For its entire short existence, CAM has been governed by two sets of rules: the one on that single sheet of paper, and the one competitors follow as part of an unspoken social contract about the spirit of the class. The reality is that, if you go by the official rules, no one has really built a “maxed out” CAM car yet.

Our own project car, although it competes in the “anything goes” realm of CAM, would still be eligible for far more restrictive classes as of this writing, yet it’s somewhat typical of many current CAM builds.

It’s really quite fascinating to watch. When stripped of all restrictions, we still retreat to the comfort of familiar structures. There are plenty of theoretical CAM builds being floated around out there, but as yet, no one has brought a gun to the knife fight.

All this is to say that people don’t continue to bring sharper and sharper knives. The “state of the art” in CAM continues to evolve as cars are developed further and further at the chosen pace of the individual builders, which is suspiciously constant across the class.

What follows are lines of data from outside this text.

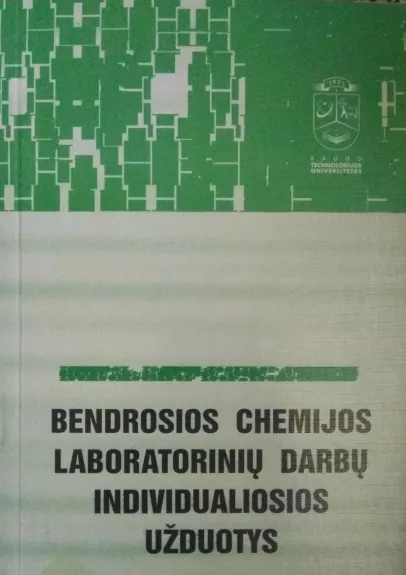 Bendrosios chemijos laboratorinių darbų individualiosios užduotys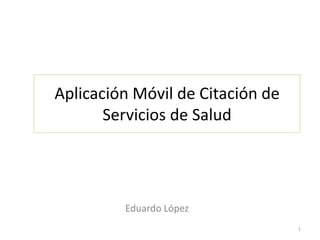Aplicación Móvil de Citación de
       Servicios de Salud




         Eduardo López
                                  1
 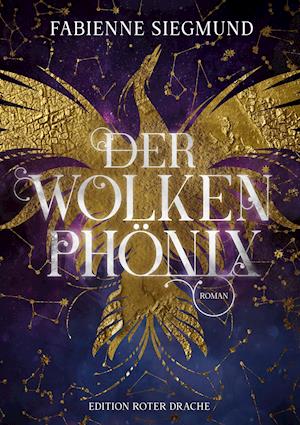 Der Wolkenphönix - Fabienne Siegmund - Books - Edition Roter Drache - 9783968150239 - November 10, 2021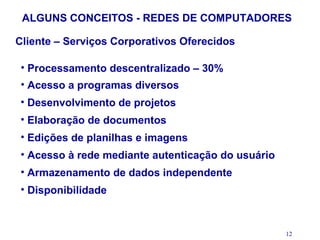 ALGUNS CONCEITOS - REDES DE COMPUTADORES

Cliente – Serviços Corporativos Oferecidos

 • Processamento descentralizado – 30%
 • Acesso a programas diversos
 • Desenvolvimento de projetos
 • Elaboração de documentos
 • Edições de planilhas e imagens
 • Acesso à rede mediante autenticação do usuário
 • Armazenamento de dados independente
 • Disponibilidade



                                                    12
 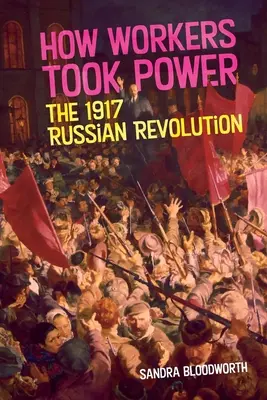 Ako sa robotníci dostali k moci: Ruská revolúcia v roku 1917 - How Workers Took Power: The 1917 Russian Revolution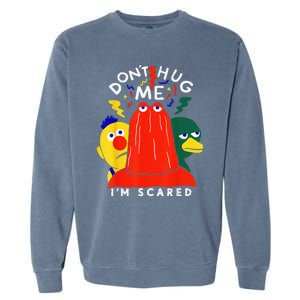 Don't Hug Me I'm Scareds Funny Saying Sarcasm Garment-Dyed Sweatshirt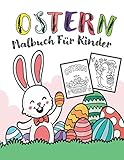 Ostern Malbuch für Kinder: Das große Osterhase Ausmalbuch für Kinder ab 2 Jahren - Ostereier suchen, kritzeln und malen! - Kinderbuch für Mädchen & Jungen (German Edition)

I guess that’s not completely surprising. The autocross competitor demographic, while somewhat diverse, still devotes a relatively consistent amount of time and financial resources to their hobby. These real-life constraints, more than any arbitrary sanctioning body rule set, seem to have been the limiting factor in CAM development since its infancy.

So what’s this all mean?

Well, I’m not a social scientist, but if I were pretending to be one, I’d say that when confronted with the prospect of anarchy, our order-craving human brains find a way to create some structure from the chaos. If no overt structures exist–like thick rulebooks and governing boards–we’ll create implied and covert structures. Poll the paddock at a typical CAM event as to what the average CAM car should look like, and I’d wager you’d get a surprisingly consistent answer.

But the social sciences are sciences, too. And the CAM hive mind will inevitably evolve. Ask the same question five years from now, and I suspect the answers will be rather different–although broad similarity still wouldn’t surprise me one bit. Mutant creations will enter the scene and become the new alphas. The unevolved herd will be forced to adapt or lag behind.

The real question for me is this: How long can the CAM organism sustain itself and evolve along a natural path without the guiding forces of a thick rulebook directing its progress? The answer, hopefully, is for a while.

Hopefully CAM is on a successful trajectory, one that can be emulated in the future by other emerging classes and scenes. At the moment, it appears to be growing in popularity and performance at an organic, manageable pace for both the competitors and the organizers.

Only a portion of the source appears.